◆ Your objective ◆
Set down the line containing "Parco Sasso Simone" and each line after it through the last line of the records, exactly, leaving pictures out.

◆ Provided records ◆
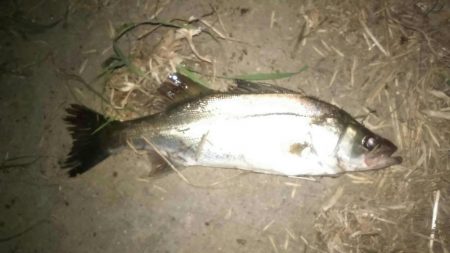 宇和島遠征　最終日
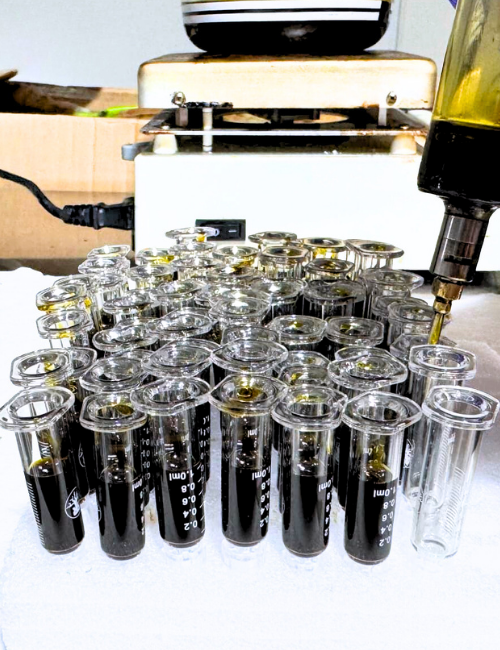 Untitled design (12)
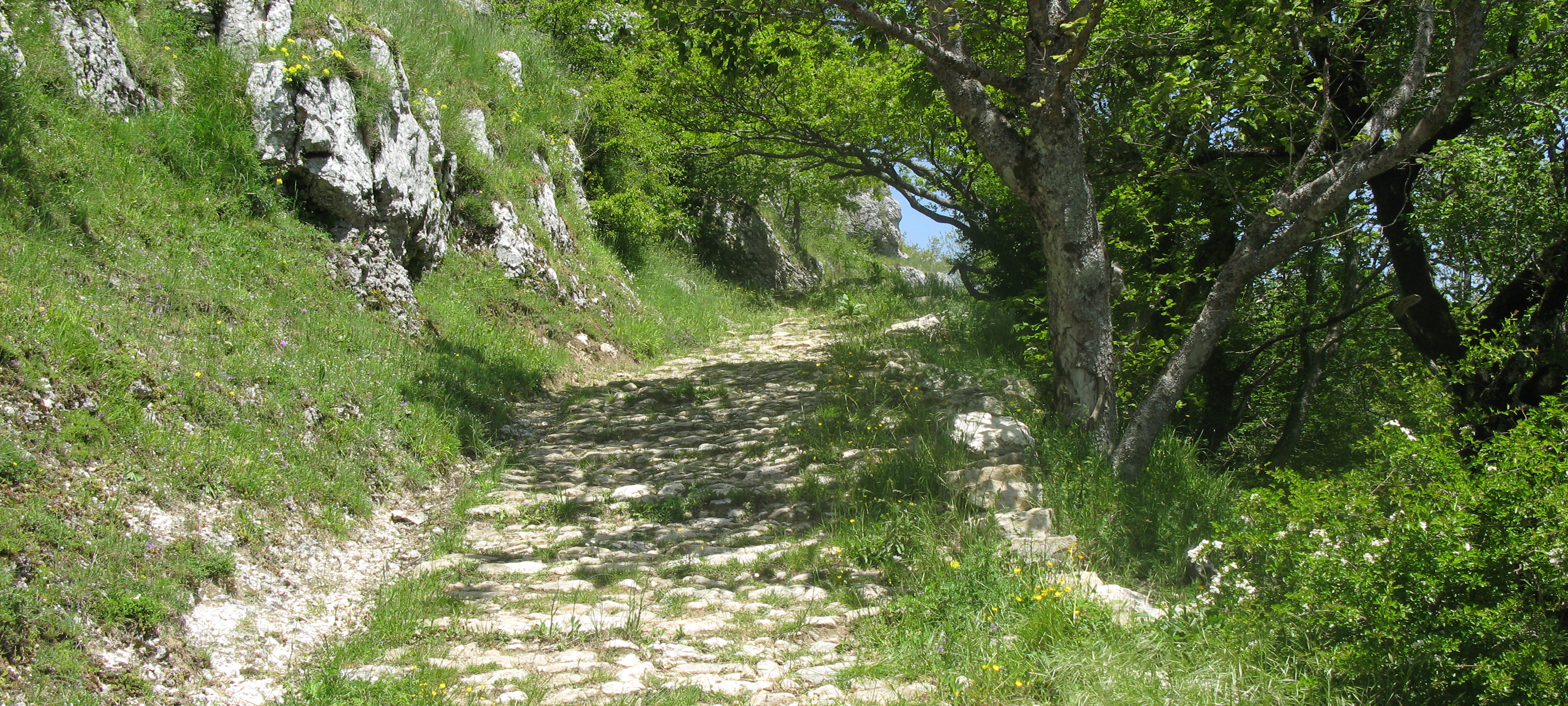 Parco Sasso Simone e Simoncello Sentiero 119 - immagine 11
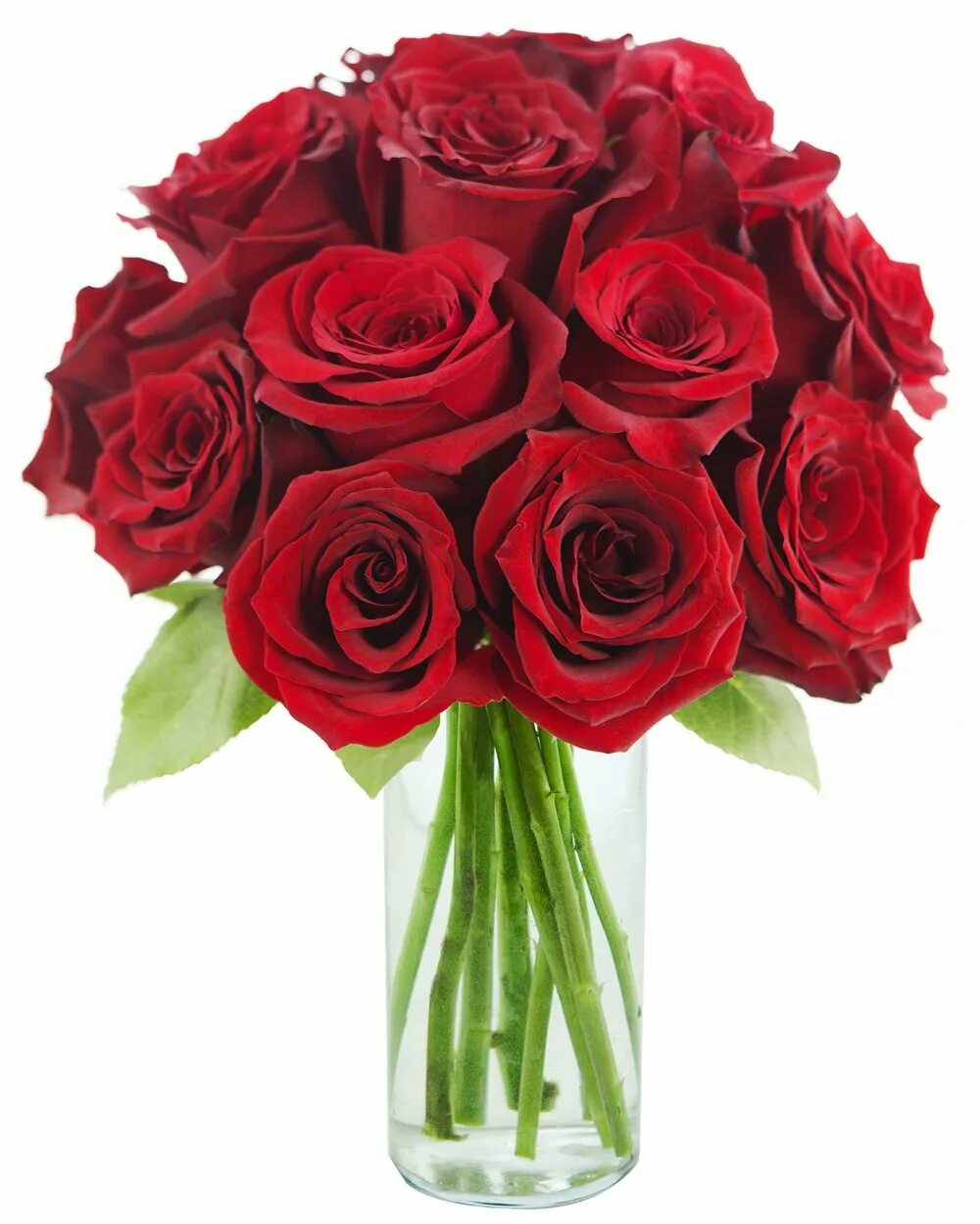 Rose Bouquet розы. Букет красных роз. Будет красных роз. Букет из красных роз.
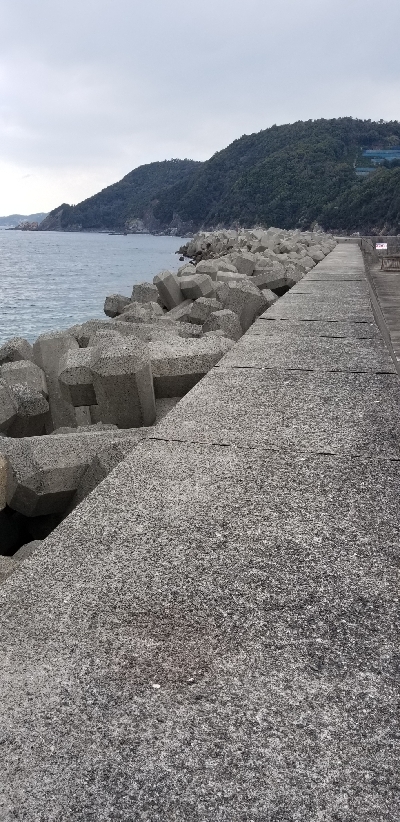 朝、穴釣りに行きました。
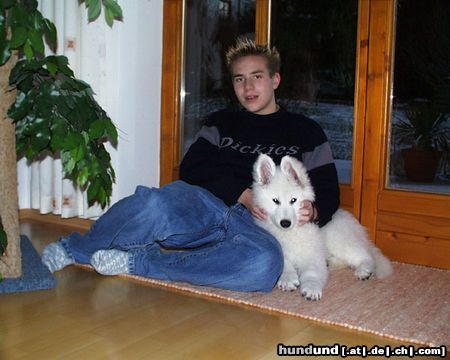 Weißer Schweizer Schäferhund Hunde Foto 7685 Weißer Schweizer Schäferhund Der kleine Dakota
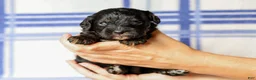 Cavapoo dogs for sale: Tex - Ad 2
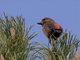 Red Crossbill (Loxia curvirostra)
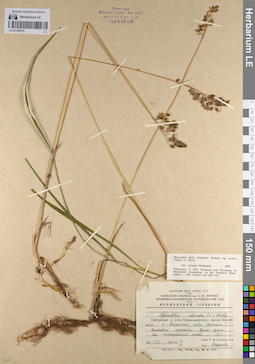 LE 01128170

◆ Solution ◆
 Parco Sasso Simone e Simoncello Sentiero 119 - immagine 11
 Rose Bouquet розы. Букет красных роз. Будет красных роз. Букет из красных роз.
 朝、穴釣りに行きました。
 Weißer Schweizer Schäferhund Hunde Foto 7685 Weißer Schweizer Schäferhund Der kleine Dakota
 Cavapoo dogs for sale: Tex - Ad 2
 Red Crossbill (Loxia curvirostra)
 LE 01128170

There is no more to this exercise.